Attention in production

What actually runs when you call an inference server

You learned attention as $\text{softmax}(QK^\top/\sqrt{d_k})V$ . That formula is correct and beautiful. It is also almost useless for understanding what a production serving engine is actually doing when a request lands. There are four things the textbook version hides:

The shapes. Real tensors carry a batch dimension, a heads dimension, a sequence dimension, and a head-dim dimension. They reshape, transpose, and reshape again several times per layer. Getting these shapes in your head is half the battle.
The prefill vs decode split. The same model does two completely different things when you feed it a prompt (one big matmul over the whole prompt) versus when it generates the next token (a single new query against an enormous cached history).
The KV cache — not as a concept, but as a literal giant GPU tensor whose shape depends on $[\text{layers},\text{heads},L_\text{max},d_h]$ . Decode is fundamentally “append one row to this tensor and attend against the whole thing.”
The batching. Eight users hit your API at once, each at a different decode step, each with a different prompt length. A single kernel call has to serve all of them. Serving engines achieve this with a trick that most papers never explain: flatten the batch dimension entirely and track sequence boundaries with a cumulative-length tensor.

This lesson walks through all four, using a specific reference: Llama 7B. Hidden dimension $d = 4096$ , heads $h = 32$ , head dimension $d_h = 128$ , 32 layers.

One sentence, end to end — the prefill path

Let's take a specific prompt and trace it through a single attention layer with the shapes of every intermediate tensor. The prompt is “The cat sat on the mat”. Six tokens. That's our $L = 6$ .

Click through each phase on the right. The shape annotation under each tensor tells you what PyTorch prints when you call .shape on it. Keep an eye on the heads dimension — this is where the multi-head aspect becomes real.

prefill — one layer of Llama 7B, L = 6 tokens, batch = 1

[1, 6, 4096]

Input hidden states for the 6 tokens

Reading the shapes

Eight phases. Follow the dimensions as they shift. A few things worth noticing:

At phase 3 (split-heads) the hidden dimension 4096 gets reshaped into $h \times d_h = 32 \times 128$ . The heads axis moves to position 1after the transpose, which puts each head's data in contiguous memory for the attention kernel. That transpose is not cosmetic — it's what lets the matmul run efficiently.
At phase 4 (scores) you get the full $[1, 32, 6, 6]$ attention tensor.
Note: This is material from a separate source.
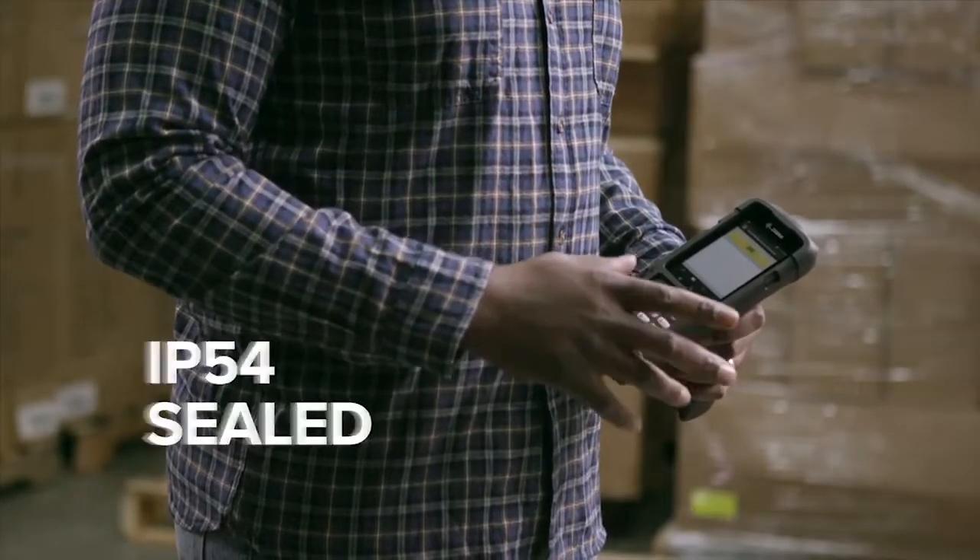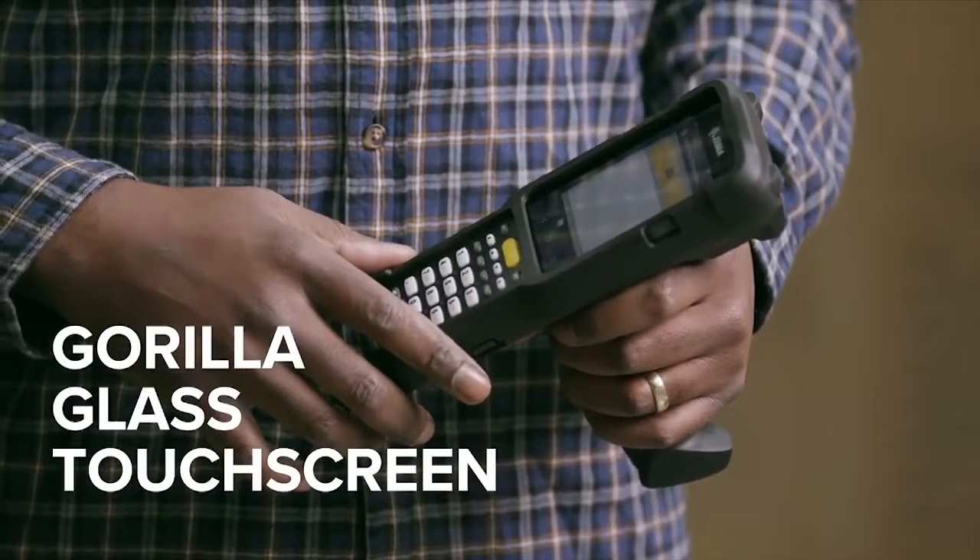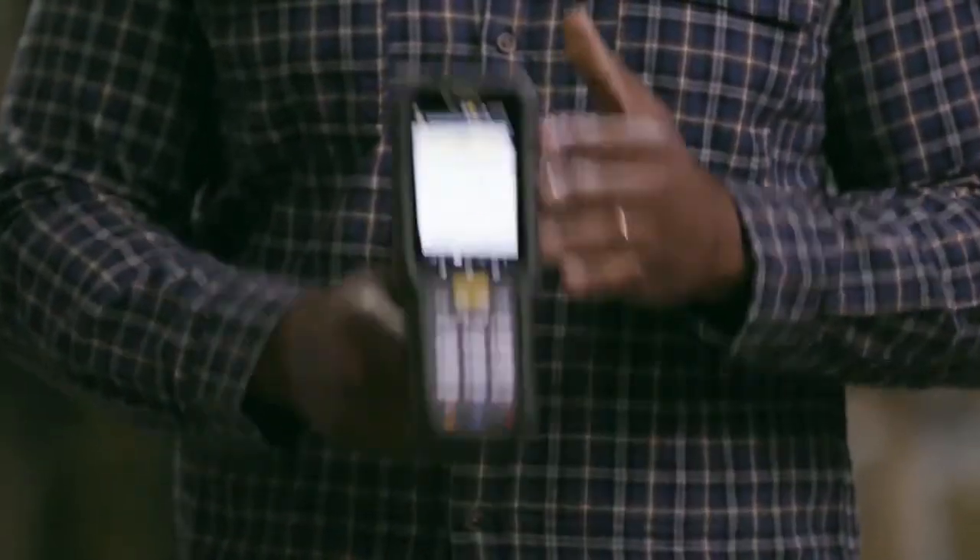It's front of store sleek, but back of store brawny, with a tough scratch-resistant Gorilla Glass touchscreen. Get the device that beats the competition hands down. The new Zebra MC3300.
Notice: there's one 6×6 attention matrix per head, so 32 of them in parallel. This is also where causal masking is applied.
At phase 7 (concat) the heads dimension is merged back into the hidden dimension. This undoes the reshape from phase 3 and leaves you with $[1, 6, 4096]$ again — the same shape as the input.
By the end, one prefill layer has produced a $[1, 6, 4096]$ output. That output becomes the input to the next layer. Llama 7B has 32 layers, so the whole prefill is 32 repetitions of what you just saw.

The sleight of hand — decoding one token

Now you've finished the prefill. The model has seen all six tokens of “The cat sat on the mat” and is about to generate token #7. What does the next forward pass look like?

You might think: same as before, but with seven tokens instead of six. Run the whole attention operation on a sequence of length 7. That would work but it would be ridiculous — the first six tokens haven't changed, so their K and V vectors haven't changed either, so recomputing them is pure waste. So we don't.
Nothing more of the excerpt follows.